En effet, il retourna à l'armée de Furibon, où le bruit de sa mort venait de se répandre. Dès qu'il y parut avec ses habits ordinaires, chacun vint à lui; les capitaines et les soldats l'environnèrent, poussant de grands cris de joie: ils le reconnurent pour leur roi, et que la couronne lui appartenait. Il leur donna libéralement à partager entre eux les trente chambres pleines d'or, de manière que cette armée fût riche à jamais. Et, après quelques cérémonies qui assuraient Léandre de la foi des soldats, il retourna encore vers sa princesse, ordonnant à son armée de s'en aller à petites journées dans son royaume. La princesse s'était couchée, et le profond respect que ce prince avait pour elle l'empêcha d'entrer dans sa chambre; il se retira dans la sienne, car il avait toujours couché en bas. Il était lui-même assez fatigué pour avoir besoin de repos; cela fit qu'il ne pensa point à fermer la porte aussi soigneusement qu'il le faisait d'ordinaire.
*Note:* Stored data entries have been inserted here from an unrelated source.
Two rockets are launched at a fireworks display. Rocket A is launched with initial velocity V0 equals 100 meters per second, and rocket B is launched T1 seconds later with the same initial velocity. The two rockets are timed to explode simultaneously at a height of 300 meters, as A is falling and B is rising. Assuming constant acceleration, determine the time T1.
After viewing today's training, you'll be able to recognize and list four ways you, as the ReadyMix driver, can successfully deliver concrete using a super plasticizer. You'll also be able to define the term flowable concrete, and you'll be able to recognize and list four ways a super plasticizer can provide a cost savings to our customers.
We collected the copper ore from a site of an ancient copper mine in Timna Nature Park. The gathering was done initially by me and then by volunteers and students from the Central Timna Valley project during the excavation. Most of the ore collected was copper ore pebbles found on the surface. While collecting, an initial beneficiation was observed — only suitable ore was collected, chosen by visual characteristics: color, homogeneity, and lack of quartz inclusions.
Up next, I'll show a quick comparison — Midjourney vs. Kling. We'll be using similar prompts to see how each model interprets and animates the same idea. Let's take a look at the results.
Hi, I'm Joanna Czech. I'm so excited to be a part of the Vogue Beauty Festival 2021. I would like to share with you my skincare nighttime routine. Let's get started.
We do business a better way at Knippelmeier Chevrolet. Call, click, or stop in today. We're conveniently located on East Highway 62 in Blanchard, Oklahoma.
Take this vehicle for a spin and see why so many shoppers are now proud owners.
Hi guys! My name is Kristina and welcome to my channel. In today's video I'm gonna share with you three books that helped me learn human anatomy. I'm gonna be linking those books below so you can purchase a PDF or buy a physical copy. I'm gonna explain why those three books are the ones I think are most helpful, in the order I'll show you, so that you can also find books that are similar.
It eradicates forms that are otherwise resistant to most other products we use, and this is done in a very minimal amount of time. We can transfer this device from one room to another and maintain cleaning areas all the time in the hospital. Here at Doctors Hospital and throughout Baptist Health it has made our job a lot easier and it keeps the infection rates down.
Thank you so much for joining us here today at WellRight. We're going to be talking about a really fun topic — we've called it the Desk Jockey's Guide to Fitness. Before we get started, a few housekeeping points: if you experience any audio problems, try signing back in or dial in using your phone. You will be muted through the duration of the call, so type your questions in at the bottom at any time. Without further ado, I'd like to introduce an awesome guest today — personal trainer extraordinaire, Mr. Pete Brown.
La princesse mourait de chaud et d'inquiétude; elle se leva plus matin que l'aurore, et descendit en déshabillé dans son appartement bas. Mais quelle surprise fut la sienne d'y trouver Léandre endormi sur un lit! Elle eut tout le temps de le regarder sans être vue, et de se convaincre que c'était la personne dont elle avait le portrait dans sa boîte de diamants.

«Il n'est pas possible, disait-elle, que ce soit ici Lutin, car les lutins dorment-ils? Est-ce là un corps d'air et de feu, qui ne remplit aucun espace, comme le dit Abricotine?»

Elle touchait doucement ses cheveux, elle l'écoutait respirer, elle ne pouvait s'arracher d'auprès de lui; tantôt elle était ravie de l'avoir trouvé, tantôt elle en était alarmée. Dans le temps qu'elle était le plus attentive à le regarder, sa mère la fée entra, avec un bruit si épouvantable que Léandre s'éveilla en sursaut. Quelle surprise et quelle affliction pour lui de voir sa princesse dans le dernier désespoir! Sa mère l'entraînait, la chargeant de mille reproches. Oh! quelle douleur pour ces jeunes amants! ils se trouvaient sur le point d'être séparés pour jamais. La princesse n'osait rien dire à la terrible fée; elle jetait les yeux sur Léandre, comme pour lui demander quelque secours.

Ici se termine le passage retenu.